Re: Caching/buffers become useless after some time

Michal Hocko <mhocko@xxxxxxxx> · Tue, 30 Oct 2018 16:30:45 +0100

On Tue 30-10-18 14:44:27, Vlastimil Babka wrote:
> On 10/22/18 3:19 AM, Marinko Catovic wrote:
> > Am Mi., 29. Aug. 2018 um 18:44 Uhr schrieb Marinko Catovic
[...]
> >> here you go: https://nofile.io/f/VqRg644AT01/vmstat.tar.gz
> >> trace_pipe: https://nofile.io/f/wFShvZScpvn/trace_pipe.gz
> >>
> > 
> > There we go again.
> > 
> > First of all, I have set up this monitoring on 1 host, as a matter of
> > fact it did not occur on that single
> > one for days and weeks now, so I set this up again on all the hosts
> > and it just happened again on another one.
> > 
> > This issue is far from over, even when upgrading to the latest 4.18.12
> > 
> > https://nofile.io/f/z2KeNwJSMDj/vmstat-2.zip
> > https://nofile.io/f/5ezPUkFWtnx/trace_pipe-2.gz
> 
> I have plot the vmstat using the attached script, and got the attached
> plots.
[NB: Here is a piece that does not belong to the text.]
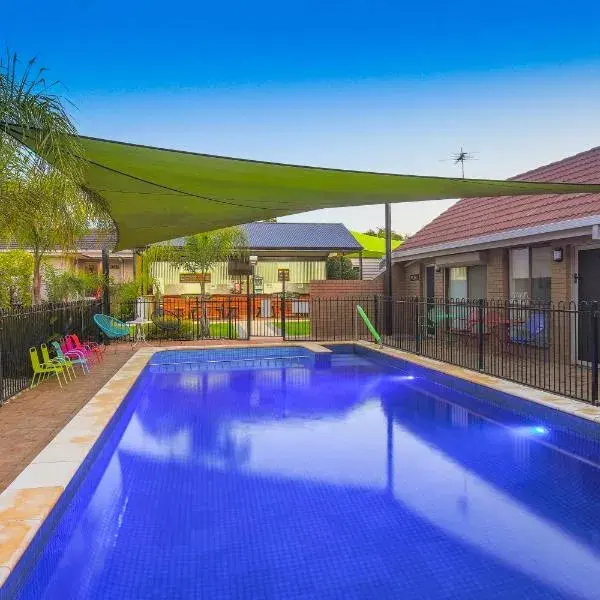 Mildura Holiday Villas to Melbourne Airport premium and luxurious chauffeur service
X axis are the vmstat snapshots, almost 14k of them, each for 5
> seconds, so almost 19 hours. I can see the following phases:

Thanks a lot. I like the script much!

[...]

> 12000 - end:
> - free pages growing sharply
> - page cache declining sharply
> - slab still slowly declining

$ cat filter 
pgfree
pgsteal_
pgscan_
compact
nr_free_pages

$ grep -f filter -h vmstat.1539866837 vmstat.1539874353 | awk '{if (c[$1]) {printf "%s %d\n", $1, $2-c[$1]}; c[$1]=$2}'
nr_free_pages 4216371
pgfree 267884025
pgsteal_kswapd 0
pgsteal_direct 11890416
pgscan_kswapd 0
pgscan_direct 11937805
compact_migrate_scanned 2197060121
compact_free_scanned 4747491606
compact_isolated 54281848
compact_stall 1797
compact_fail 1721
compact_success 76

So we have ended up with 16G freed pages in that last time period.
Kswapd was sleeping throughout the time but direct reclaim was quite
active. ~46GB pages recycled. Note that much more pages were freed which
suggests there was quite a large memory allocation/free activity.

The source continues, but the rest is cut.